- _Prompt_
In the entries that follow, the lines from the one with "BeautyStat_2024 Universal C Skin Refiner" through the one with "St. Nikolaus" are the ones to write out, exactly and with both ends included. Nothing else should appear.

Crawled caption data
------------------------------

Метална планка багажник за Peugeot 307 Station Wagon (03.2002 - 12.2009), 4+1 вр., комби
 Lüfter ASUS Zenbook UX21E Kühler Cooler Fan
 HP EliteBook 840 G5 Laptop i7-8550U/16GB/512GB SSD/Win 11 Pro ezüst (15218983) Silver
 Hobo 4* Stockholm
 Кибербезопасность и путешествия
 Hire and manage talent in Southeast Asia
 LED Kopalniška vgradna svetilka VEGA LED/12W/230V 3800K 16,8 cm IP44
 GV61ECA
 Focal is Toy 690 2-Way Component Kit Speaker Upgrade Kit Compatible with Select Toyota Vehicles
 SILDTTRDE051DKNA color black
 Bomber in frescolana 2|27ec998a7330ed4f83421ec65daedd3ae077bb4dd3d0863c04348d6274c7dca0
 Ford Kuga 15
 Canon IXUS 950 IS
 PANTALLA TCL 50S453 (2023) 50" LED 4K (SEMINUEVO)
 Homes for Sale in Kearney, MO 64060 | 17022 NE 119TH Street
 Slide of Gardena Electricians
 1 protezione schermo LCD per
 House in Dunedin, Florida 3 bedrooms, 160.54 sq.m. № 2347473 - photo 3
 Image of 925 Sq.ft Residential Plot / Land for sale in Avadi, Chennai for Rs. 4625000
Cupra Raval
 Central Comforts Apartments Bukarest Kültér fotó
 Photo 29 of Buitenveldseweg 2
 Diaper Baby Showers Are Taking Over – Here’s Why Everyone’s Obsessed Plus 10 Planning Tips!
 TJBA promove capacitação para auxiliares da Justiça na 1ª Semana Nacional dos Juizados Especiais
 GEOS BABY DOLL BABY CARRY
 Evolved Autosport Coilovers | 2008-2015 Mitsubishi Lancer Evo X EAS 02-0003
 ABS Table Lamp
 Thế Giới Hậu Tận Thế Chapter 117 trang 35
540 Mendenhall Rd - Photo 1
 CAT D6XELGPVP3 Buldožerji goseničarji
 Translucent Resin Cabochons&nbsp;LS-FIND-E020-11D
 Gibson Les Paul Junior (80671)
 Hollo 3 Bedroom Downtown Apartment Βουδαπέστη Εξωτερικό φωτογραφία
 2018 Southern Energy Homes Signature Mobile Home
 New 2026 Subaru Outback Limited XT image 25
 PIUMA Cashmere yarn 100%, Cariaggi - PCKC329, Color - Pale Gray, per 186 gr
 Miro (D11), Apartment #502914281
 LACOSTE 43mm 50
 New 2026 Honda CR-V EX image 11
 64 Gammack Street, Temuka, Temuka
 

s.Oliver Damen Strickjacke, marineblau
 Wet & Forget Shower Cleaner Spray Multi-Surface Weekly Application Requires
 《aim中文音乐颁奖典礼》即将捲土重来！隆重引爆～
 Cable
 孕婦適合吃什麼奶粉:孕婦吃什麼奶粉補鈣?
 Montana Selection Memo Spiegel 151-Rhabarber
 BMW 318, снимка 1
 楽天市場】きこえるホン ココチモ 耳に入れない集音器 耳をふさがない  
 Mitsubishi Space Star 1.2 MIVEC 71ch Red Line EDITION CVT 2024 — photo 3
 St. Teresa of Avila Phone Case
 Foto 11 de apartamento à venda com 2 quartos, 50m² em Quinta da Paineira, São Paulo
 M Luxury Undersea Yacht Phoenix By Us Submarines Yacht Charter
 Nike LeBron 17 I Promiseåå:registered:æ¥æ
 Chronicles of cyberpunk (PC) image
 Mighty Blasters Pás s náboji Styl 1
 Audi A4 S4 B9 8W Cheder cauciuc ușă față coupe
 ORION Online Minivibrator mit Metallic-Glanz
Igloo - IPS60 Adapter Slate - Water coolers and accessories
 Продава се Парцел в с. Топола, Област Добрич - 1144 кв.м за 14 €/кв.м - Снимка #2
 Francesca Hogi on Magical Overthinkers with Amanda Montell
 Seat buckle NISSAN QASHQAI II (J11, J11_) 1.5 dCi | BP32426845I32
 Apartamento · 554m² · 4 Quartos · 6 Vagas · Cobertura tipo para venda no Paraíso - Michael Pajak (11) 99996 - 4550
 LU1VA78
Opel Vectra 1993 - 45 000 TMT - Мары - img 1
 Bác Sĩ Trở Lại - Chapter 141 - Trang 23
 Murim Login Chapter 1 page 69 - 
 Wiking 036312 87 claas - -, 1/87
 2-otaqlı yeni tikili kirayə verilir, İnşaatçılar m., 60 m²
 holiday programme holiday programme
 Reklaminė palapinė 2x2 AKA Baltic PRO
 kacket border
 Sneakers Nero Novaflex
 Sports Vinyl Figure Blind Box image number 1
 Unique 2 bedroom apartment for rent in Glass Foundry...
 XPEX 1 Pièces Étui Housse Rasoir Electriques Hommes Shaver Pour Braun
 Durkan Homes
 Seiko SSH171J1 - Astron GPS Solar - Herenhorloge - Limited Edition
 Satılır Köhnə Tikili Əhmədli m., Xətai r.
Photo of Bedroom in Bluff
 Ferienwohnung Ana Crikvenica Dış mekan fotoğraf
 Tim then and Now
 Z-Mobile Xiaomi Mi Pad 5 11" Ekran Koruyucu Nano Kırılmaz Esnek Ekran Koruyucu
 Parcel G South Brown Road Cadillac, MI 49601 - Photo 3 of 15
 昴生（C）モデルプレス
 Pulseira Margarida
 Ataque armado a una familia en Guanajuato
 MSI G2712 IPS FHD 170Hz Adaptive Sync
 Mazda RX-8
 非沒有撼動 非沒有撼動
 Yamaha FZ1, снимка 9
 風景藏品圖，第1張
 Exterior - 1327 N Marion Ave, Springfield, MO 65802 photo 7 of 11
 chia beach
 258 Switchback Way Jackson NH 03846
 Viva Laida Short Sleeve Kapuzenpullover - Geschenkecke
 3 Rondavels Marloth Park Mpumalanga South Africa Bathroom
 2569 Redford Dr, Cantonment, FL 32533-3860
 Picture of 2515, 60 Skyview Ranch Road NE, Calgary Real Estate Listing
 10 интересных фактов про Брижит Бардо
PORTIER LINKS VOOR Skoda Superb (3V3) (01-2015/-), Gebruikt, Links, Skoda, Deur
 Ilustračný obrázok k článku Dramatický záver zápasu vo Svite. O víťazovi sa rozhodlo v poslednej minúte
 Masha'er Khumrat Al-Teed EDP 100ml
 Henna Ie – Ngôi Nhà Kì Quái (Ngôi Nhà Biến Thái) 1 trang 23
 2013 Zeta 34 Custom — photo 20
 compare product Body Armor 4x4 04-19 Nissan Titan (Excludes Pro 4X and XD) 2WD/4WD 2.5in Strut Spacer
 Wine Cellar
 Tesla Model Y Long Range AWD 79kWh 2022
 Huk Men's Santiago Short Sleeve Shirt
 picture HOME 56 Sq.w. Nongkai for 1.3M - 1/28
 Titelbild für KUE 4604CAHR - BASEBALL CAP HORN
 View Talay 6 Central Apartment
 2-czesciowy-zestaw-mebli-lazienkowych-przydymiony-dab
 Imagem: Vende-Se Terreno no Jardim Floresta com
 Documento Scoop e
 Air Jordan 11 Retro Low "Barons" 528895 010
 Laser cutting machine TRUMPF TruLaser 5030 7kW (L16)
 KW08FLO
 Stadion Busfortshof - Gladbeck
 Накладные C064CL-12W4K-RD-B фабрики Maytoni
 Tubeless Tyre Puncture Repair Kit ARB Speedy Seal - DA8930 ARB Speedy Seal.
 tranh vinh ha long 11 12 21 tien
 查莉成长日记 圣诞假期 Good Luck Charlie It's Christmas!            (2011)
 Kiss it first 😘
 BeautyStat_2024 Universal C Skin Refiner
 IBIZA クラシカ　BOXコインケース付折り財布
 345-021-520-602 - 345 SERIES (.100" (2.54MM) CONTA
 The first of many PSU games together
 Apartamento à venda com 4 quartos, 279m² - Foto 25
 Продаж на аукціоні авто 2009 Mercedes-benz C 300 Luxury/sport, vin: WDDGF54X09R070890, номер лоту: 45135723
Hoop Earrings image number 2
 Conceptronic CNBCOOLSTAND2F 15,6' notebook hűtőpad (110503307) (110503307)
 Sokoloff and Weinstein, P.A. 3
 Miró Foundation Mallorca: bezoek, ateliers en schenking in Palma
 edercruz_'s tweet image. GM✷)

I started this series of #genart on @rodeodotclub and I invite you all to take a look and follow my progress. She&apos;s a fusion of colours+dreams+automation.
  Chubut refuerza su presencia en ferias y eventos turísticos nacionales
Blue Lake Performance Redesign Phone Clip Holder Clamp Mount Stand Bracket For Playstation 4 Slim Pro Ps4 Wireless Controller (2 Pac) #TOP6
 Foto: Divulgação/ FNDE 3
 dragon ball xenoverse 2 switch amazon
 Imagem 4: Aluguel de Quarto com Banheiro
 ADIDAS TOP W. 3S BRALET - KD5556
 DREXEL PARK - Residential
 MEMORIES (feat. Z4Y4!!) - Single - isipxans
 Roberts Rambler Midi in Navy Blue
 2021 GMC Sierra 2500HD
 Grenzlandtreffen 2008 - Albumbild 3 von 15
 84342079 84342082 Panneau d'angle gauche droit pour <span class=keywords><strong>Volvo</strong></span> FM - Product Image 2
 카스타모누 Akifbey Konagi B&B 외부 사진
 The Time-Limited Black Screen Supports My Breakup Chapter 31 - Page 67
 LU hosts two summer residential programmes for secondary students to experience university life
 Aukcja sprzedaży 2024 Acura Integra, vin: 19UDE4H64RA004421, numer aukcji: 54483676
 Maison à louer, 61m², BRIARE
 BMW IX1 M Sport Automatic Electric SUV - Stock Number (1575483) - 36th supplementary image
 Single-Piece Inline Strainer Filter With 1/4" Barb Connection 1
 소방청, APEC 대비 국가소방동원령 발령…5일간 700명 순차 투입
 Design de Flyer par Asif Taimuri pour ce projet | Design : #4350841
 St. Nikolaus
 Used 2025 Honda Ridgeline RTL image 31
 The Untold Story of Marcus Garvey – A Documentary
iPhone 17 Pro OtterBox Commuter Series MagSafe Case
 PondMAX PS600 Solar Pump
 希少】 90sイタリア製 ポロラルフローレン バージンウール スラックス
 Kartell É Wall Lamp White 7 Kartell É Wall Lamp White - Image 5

------------------------------

- _Output for this exercise_
 BeautyStat_2024 Universal C Skin Refiner
 IBIZA クラシカ　BOXコインケース付折り財布
 345-021-520-602 - 345 SERIES (.100" (2.54MM) CONTA
 The first of many PSU games together
 Apartamento à venda com 4 quartos, 279m² - Foto 25
 Продаж на аукціоні авто 2009 Mercedes-benz C 300 Luxury/sport, vin: WDDGF54X09R070890, номер лоту: 45135723
Hoop Earrings image number 2
 Conceptronic CNBCOOLSTAND2F 15,6' notebook hűtőpad (110503307) (110503307)
 Sokoloff and Weinstein, P.A. 3
 Miró Foundation Mallorca: bezoek, ateliers en schenking in Palma
 edercruz_'s tweet image. GM✷)

I started this series of #genart on @rodeodotclub and I invite you all to take a look and follow my progress. She&apos;s a fusion of colours+dreams+automation.
  Chubut refuerza su presencia en ferias y eventos turísticos nacionales
Blue Lake Performance Redesign Phone Clip Holder Clamp Mount Stand Bracket For Playstation 4 Slim Pro Ps4 Wireless Controller (2 Pac) #TOP6
 Foto: Divulgação/ FNDE 3
 dragon ball xenoverse 2 switch amazon
 Imagem 4: Aluguel de Quarto com Banheiro
 ADIDAS TOP W. 3S BRALET - KD5556
 DREXEL PARK - Residential
 MEMORIES (feat. Z4Y4!!) - Single - isipxans
 Roberts Rambler Midi in Navy Blue
 2021 GMC Sierra 2500HD
 Grenzlandtreffen 2008 - Albumbild 3 von 15
 84342079 84342082 Panneau d'angle gauche droit pour <span class=keywords><strong>Volvo</strong></span> FM - Product Image 2
 카스타모누 Akifbey Konagi B&B 외부 사진
 The Time-Limited Black Screen Supports My Breakup Chapter 31 - Page 67
 LU hosts two summer residential programmes for secondary students to experience university life
 Aukcja sprzedaży 2024 Acura Integra, vin: 19UDE4H64RA004421, numer aukcji: 54483676
 Maison à louer, 61m², BRIARE
 BMW IX1 M Sport Automatic Electric SUV - Stock Number (1575483) - 36th supplementary image
 Single-Piece Inline Strainer Filter With 1/4" Barb Connection 1
 소방청, APEC 대비 국가소방동원령 발령…5일간 700명 순차 투입
 Design de Flyer par Asif Taimuri pour ce projet | Design : #4350841
 St. Nikolaus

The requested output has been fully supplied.